In the end, to move through the world is to experience encounters that constantly pass us by, and to brush up against moments that we are not able to save other than as an unreliable memory. The increasing popularity of apps like BeReal that capture those moments—rather than try to contain and display them—seems to reflect an embrace of life’s fleetingness. But what they neglect is the need to find other ways to interact with the media we encounter, like the photographs, quotes and films that have an impact on us, and shape us. When it comes to that particular landscape, we need new tools to pay tribute to the imprints—the traces, the annotations—these objects make on us.

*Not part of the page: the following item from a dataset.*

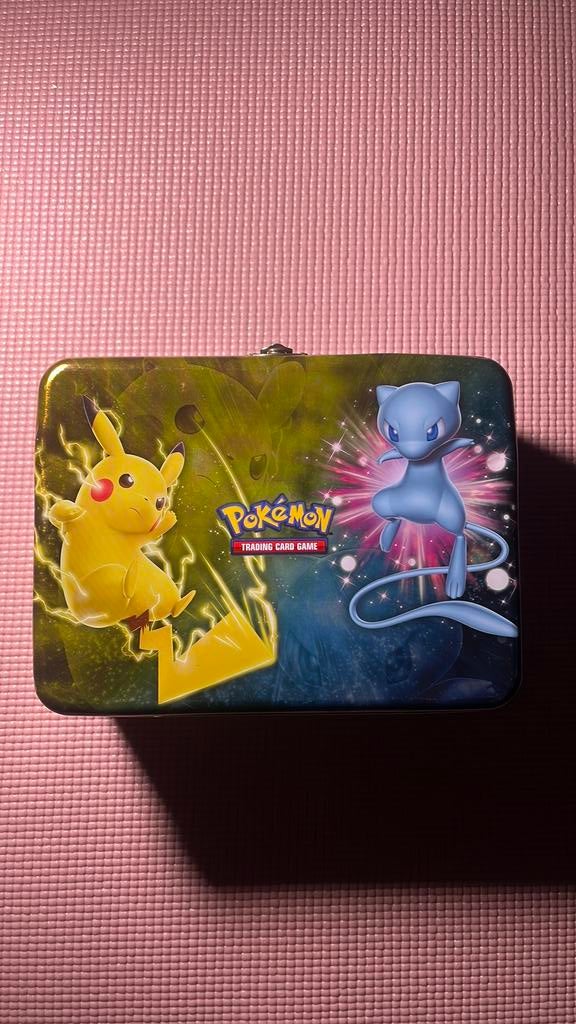 Pokemon sun&moon 2017 tin leeg, Ophalen of Verzenden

We need tools that are less about organizing moments than saving the feeling of the encounter.
The messy computer desktop also feels like it occupies this very in-betweenness, with the files saved there feeling somewhere between remembered, and temporary. Scrolling through mine, I see a passport photo, an image from a Studio Ghibli film of a character filling a vase with water, a still of Nastassja Kinski at a zoo in “Cat People,”and a Jonas Mekas film negative. In the latter, Mekas occupies the bottom two frames with his back to the camera, looking out of the window. In the frame above, the words on a pink backdrop much like an Eric Rohmer intertitle: “YOU LOOK AT THE SUN. THEN YOU RETURN HOME AND YOU CAN’T WORK, YOU’RE IMPREGNATE WITH ALL THAT LIGHT.” In the foreground, in the midst of shelves and shelves of objects, is the artist’s very messy desk.